How can a shell script handle any number of input arguments?

A shell script can handle any number of input arguments using the special variable $#, which represents the number of arguments passed to the script. You can use conditional statements to check how many arguments were provided and respond accordingly.

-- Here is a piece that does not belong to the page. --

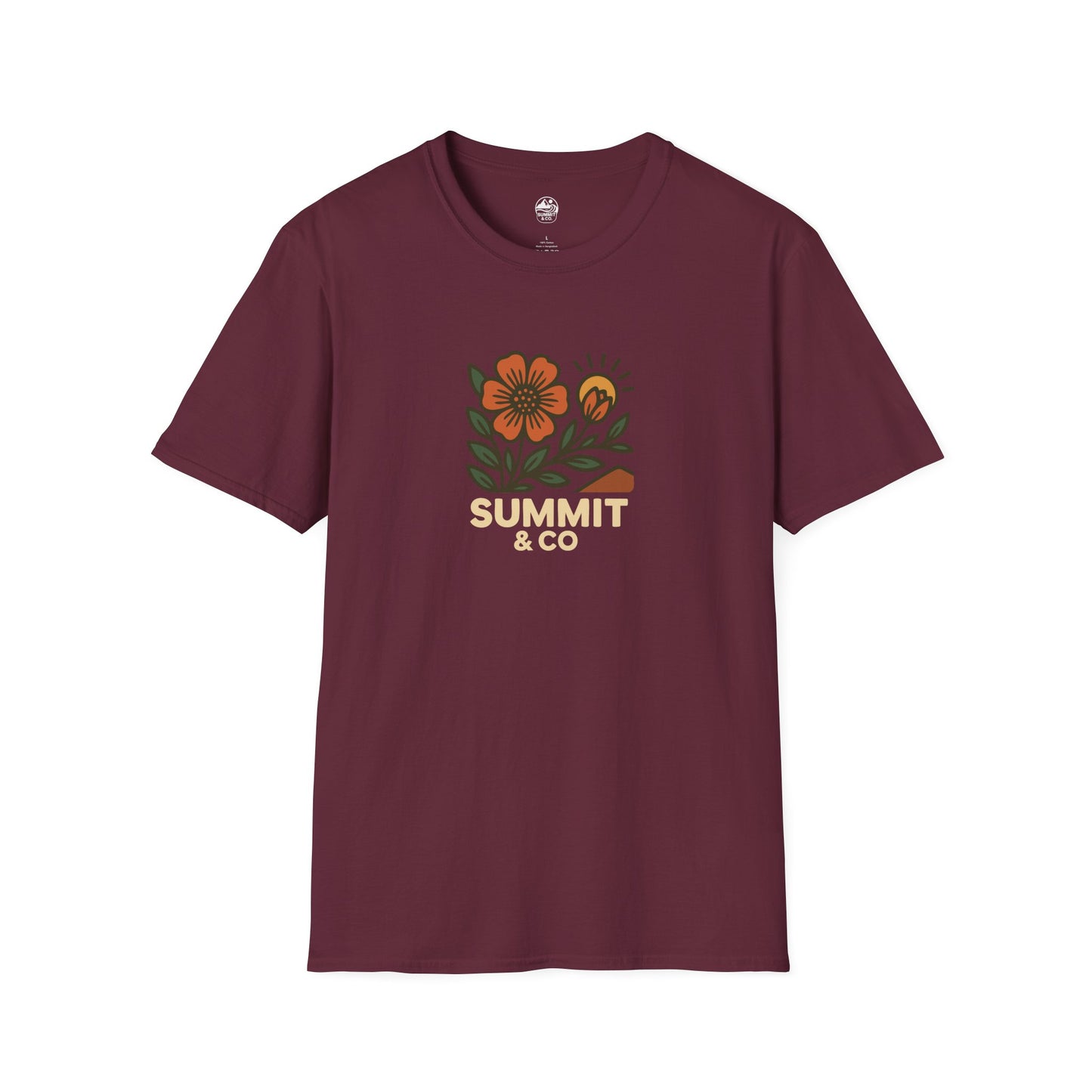 Summit&Co. Softsyle Tee-Flowers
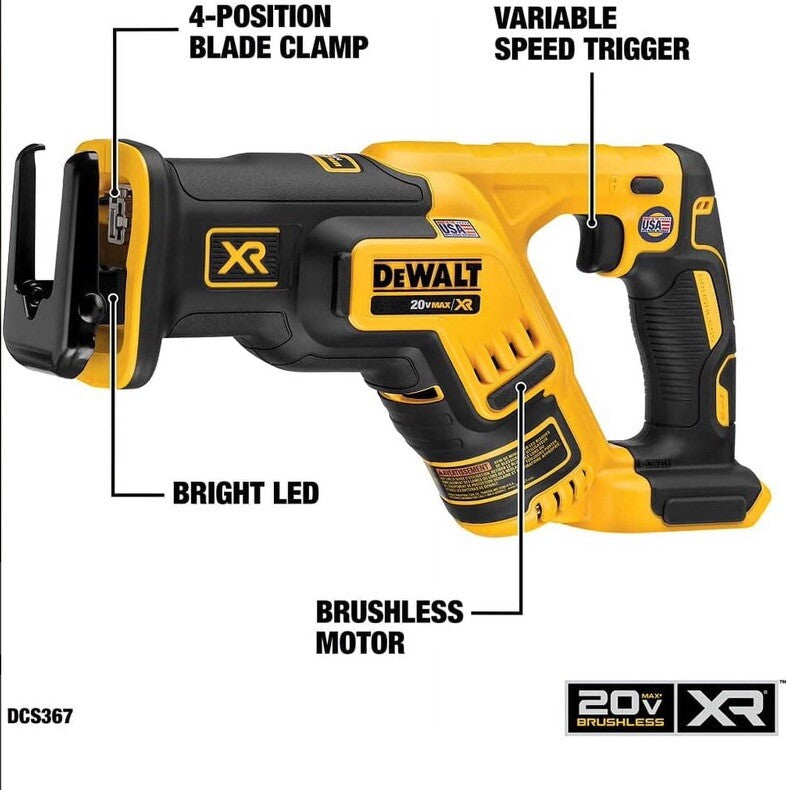DEWALT DCK294P2 20V Hammer Drill and Reciprocating Saw Combo Kit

Here's an example:

#!/bin/bash

if [ $# -eq 0 ]; then
    echo "No arguments provided."
elif [ $# -eq 1 ]; then
    echo "One argument provided: $1"
elif [ $# -eq 2 ]; then
    echo "Two arguments provided: $1 and $2"
else
    echo "More than two arguments provided:"
    echo "First argument: $1"
    echo "Second argument: $2"
    echo "Third argument: $3"
    echo "Total number of arguments: $#"
fi

Explanation:

• if [ $# -eq 0 ]: Checks if no arguments are provided.
• elif [ $# -eq 1 ]: Checks if one argument is provided.
• elif [ $# -eq 2 ]: Checks if two arguments are provided.
• The else block handles cases where more than two arguments are provided.

You can test this script by running it with different numbers of arguments, like so:

./script.sh
./script.sh arg1
./script.sh arg1 arg2
./script.sh arg1 arg2 arg3 arg4

This will demonstrate how the script responds based on the number of arguments given.